Specific ethics approval consent is not required as this is a review of previously published anonymised data. Results of the study will be shared with the scientific community via publication in a peer-reviewed journal and presentation at relevant conferences and workshops. It will also be shared key stakeholders, such as national or international health authorities, healthcare professionals and the general population, via scientific outreach journals and research institutes' newsletters.
神经重症监护病房经常会给患者吸氧。避免低氧血症是急性脑损伤(ABI)患者的关键目标。然而,多项研究表明,高氧血症也可能与这些患者较高的死亡率和不良神经学预后相关。由于前瞻性研究数量有限、缺乏高氧血症的通用定义、实验设计的异质性以及ABI的不同病因,这方面的证据仍存在争议。为了探究住院成年ABI患者高氧血症与不良神经学预后及死亡率之间的相关性,我们将对观察性研究和随机对照试验进行系统评价和荟萃分析。

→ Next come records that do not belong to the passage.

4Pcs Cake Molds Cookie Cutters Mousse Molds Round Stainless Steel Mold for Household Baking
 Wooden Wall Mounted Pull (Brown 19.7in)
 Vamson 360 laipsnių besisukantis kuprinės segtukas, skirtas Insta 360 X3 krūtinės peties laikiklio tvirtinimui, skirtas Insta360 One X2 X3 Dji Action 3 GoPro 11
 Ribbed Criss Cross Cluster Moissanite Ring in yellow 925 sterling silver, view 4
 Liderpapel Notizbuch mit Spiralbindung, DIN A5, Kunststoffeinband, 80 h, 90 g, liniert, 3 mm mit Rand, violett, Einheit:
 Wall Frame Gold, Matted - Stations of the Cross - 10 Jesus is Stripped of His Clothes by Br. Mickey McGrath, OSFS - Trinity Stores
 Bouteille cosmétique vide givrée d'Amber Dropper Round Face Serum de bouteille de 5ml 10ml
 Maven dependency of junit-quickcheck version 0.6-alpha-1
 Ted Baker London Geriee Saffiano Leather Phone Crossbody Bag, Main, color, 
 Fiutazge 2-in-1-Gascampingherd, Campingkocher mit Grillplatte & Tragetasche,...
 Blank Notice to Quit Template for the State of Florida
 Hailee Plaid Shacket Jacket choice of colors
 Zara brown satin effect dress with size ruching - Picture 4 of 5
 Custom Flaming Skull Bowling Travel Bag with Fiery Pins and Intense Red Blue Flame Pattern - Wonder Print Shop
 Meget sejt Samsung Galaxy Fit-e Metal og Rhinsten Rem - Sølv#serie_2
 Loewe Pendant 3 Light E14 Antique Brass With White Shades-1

系统评价方法已根据系统评价和荟萃分析的首选报告项目(PRISMA)指南进行定义,并遵循PRISMA方案结构。截至2024年6月发表的研究将在电子数据库MEDLINE、Embase、Scopus、科学网、考克兰图书馆、护理及相关健康文献累积索引和ClinicalTrials.gov中进行检索。检索到的记录将由四位作者两两独立筛选,选定的变量将从报告“高氧血症”与“无高氧血症”对住院ABI患者神经学预后和死亡率影响数据的研究中提取。如果报告了协变量调整后的比值比(OR),我们将其用作结局指标,因为它们考虑了潜在的混杂因素,并能更准确地估计高氧血症与结局之间的关联;如果没有,则使用单变量OR。如果研究将结果表示为相对风险,只要疾病患病率接近10%,就将其视为等同于OR。将应用随机效应荟萃分析计算两种结局的合并估计值。将使用I统计量评估研究间的异质性;将通过干预性非随机研究的偏倚风险、纽卡斯尔-渥太华或RoB2工具评估偏倚风险。根据数据可用性,我们计划按ABI类型(创伤性脑损伤、心脏骤停后、蛛网膜下腔出血、脑出血和缺血性卒中)、动脉血氧分压值、研究质量、研究时间、神经学评分以及其他选定的感兴趣的临床变量进行亚组分析。
由于这是对先前发表的匿名数据的综述,无需特定的伦理批准同意。研究结果将通过在同行评审期刊上发表以及在相关会议和研讨会上展示与科学界分享。还将通过科学推广期刊和研究机构的时事通讯与主要利益相关者分享,如国家或国际卫生当局、医疗保健专业人员和普通民众。